El liderazgo carismático de Perón jamás tuvo la característica de ser incuestionado. No se lo ponía en jaque a él, pero sí a sus decisiones. Como todo liderazgo, es un fenómeno que no va sólo de arriba hacia abajo, sino que en gran medida se construye también desde sus cimientos. Muchas veces se olvida que un liderazgo político es una construcción social. Se tiende a revisar con minuciosidad la personalidad del líder, como si allí radicara el secreto de una magia que en realidad emana desde otro lado, desde las multitudes que lo sostienen. Es una simbiosis de las más complejas que existen. Tener un líder es una herramienta colosal para los sectores populares, permite lograr unidad y fuerza. Por eso la muerte o defección de un líder es un duro golpe, una orfandad, una debilidad.
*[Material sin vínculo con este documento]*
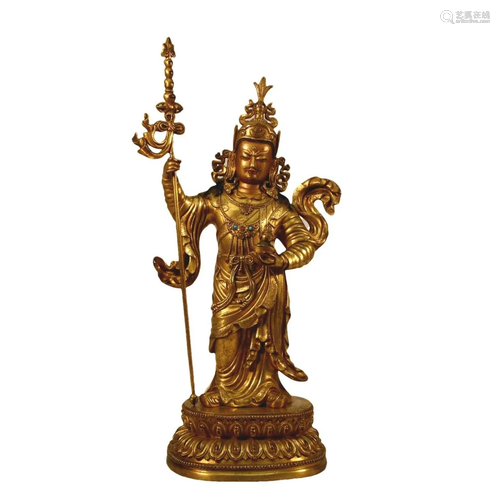 A Gilt-Bronze Figure Of Padmasambhava With Inscriptions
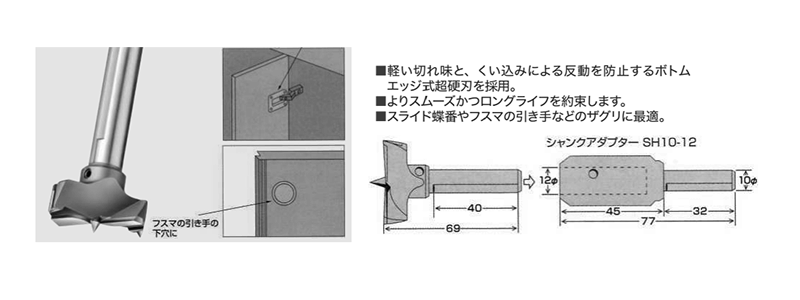 大見工業 (大日商) 木工用 超硬ザグリカッター用シャンクアダプター(SH10-12) 製品図面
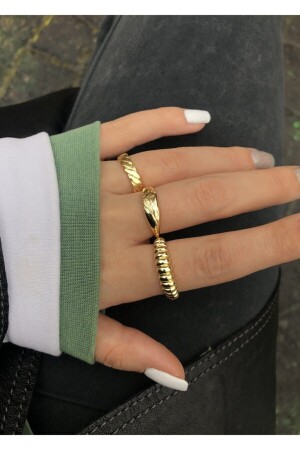 3-teiliges Goldring-Set für Damen - X-Lady Accessories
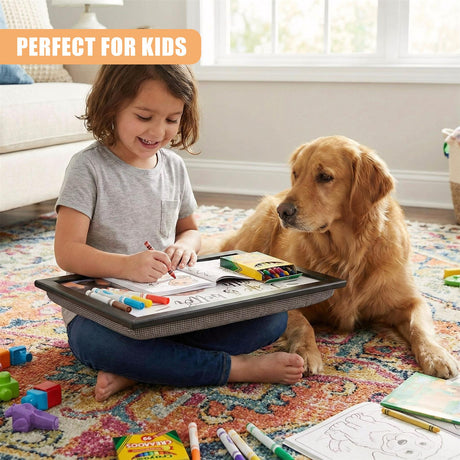 A child sits on a colorful rug, coloring with crayons, while a golden retriever sits nearby, looking at the child's work. - UKBuyZone
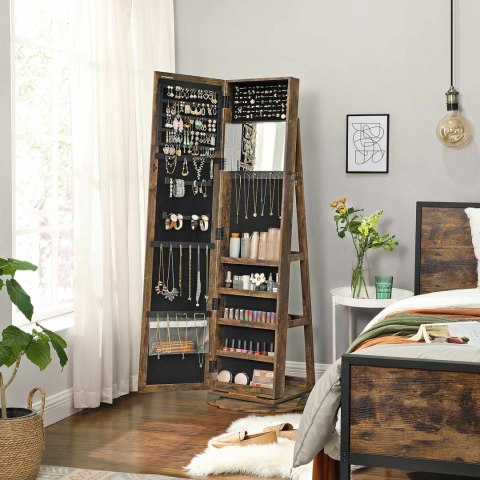 Szafka na biżuterię obracana o 360° z lustrem w kolorze vintage brown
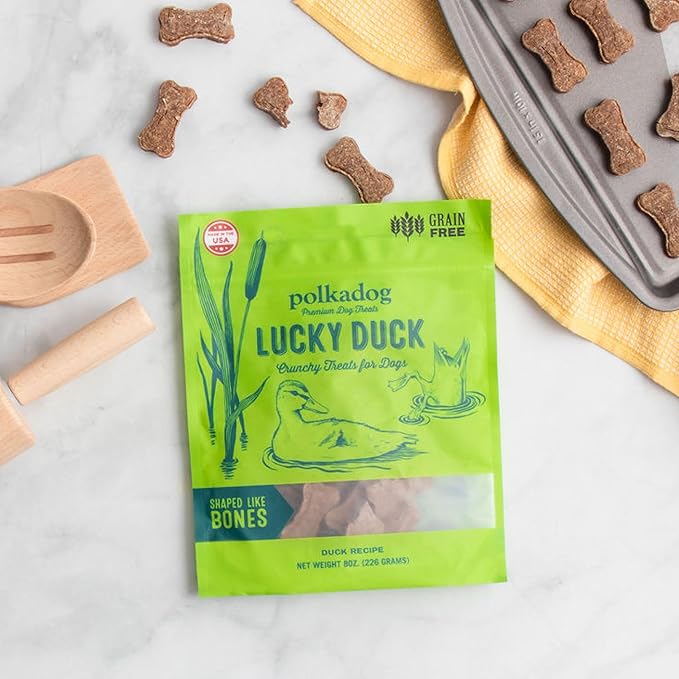 Polkadog Lucky Duck Bone-Shaped Dog Treats, Cat Snacks – All-Natural Pet Treats for Kittens, Puppies – Bite-Sized, Crunchy Snack for Dogs, Cats – 2 Ingredients – 7oz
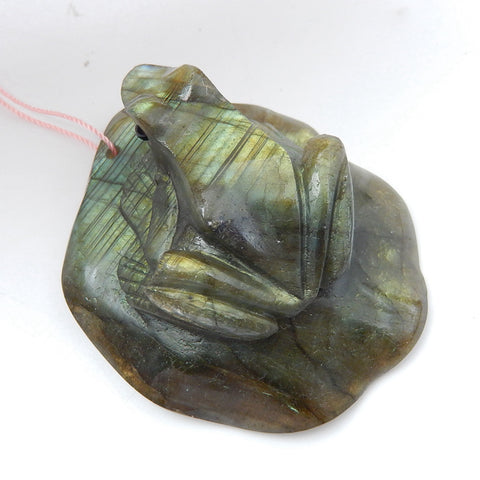 Natural Labradorite Carved Frog Pendant, 61x52x21mm, 67.1g - MyGemGarden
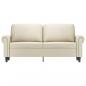 Preview: 2-Sitzer-Sofa Creme 140 cm Kunstleder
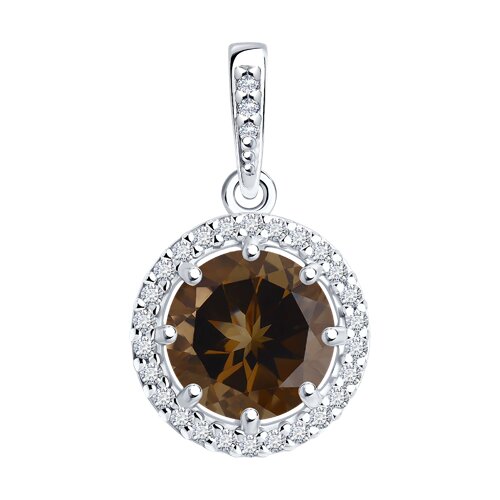 Подвеска из серебра с раухтопазом и фианитами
Cuando Lanusse, en 1971, propuso el Gran Acuerdo Nacional para tratar de darle una salida honorable a las fuerzas armadas, en realidad ya estaba acorralado, el pueblo argentino en sus múltiples formas organizativas e ideológicas estaba en llamas desde el Cordobazo en adelante. Los sectores dominantes y las fuerzas armadas aceptan el regreso de Perón buscando un bombero, un genio que vuelva a poner en la lámpara a todos los demonios desperdigados.
Como si fuera una tragedia griega, Perón se entregó a lo que parecía ya inevitable: su regreso al poder, y su muerte.
Más allá de sus disputas con Lanusse y el cronograma electoral, es válido pensar que la candidatura de Héctor Cámpora fue una forma de recuperar ese poder sin tener que someterse al ajetreo cotidiano que demanda una presidencia efectiva. Pero esta decisión generó muchas resistencias, sobre todo de la CGT y de su círculo íntimo. Le proponían otras candidaturas como la de Antonio Cafiero. La masacre de Ezeiza, el asesinato de José Rucci, los gritos contra Isabel y López Rega, la interna sangrienta, le fueron demostrando a Perón que no le quedaba tiempo para ordenar el movimiento y sacar adelante a la Argentina. Obligó a Cámpora a renunciar y se convirtió en presidente con el récord imbatible del 62% de los votos. Después de algunos intentos de poner al líder de la UCR, Ricardo Balbín, como candidato a vice, y recibir una fuerte oposición, se decidió por su esposa, Isabel Martínez. Una solución que él mismo veía inviable pero no pudo evitar: ”¡No podemos cometer el mismo error que en 1951! Y además no tengo salud y es muy posible que no termine mi período presidencial. No quiero dejar a Isabel expuesta a semejante situación”.
Toda la Argentina quedó expuesta a semejante situación. Llegó a despedirse de las multitudes que lo amaron, pero no le alcanzó para resguardar a la Argentina del abismo que se empezaba a dibujar.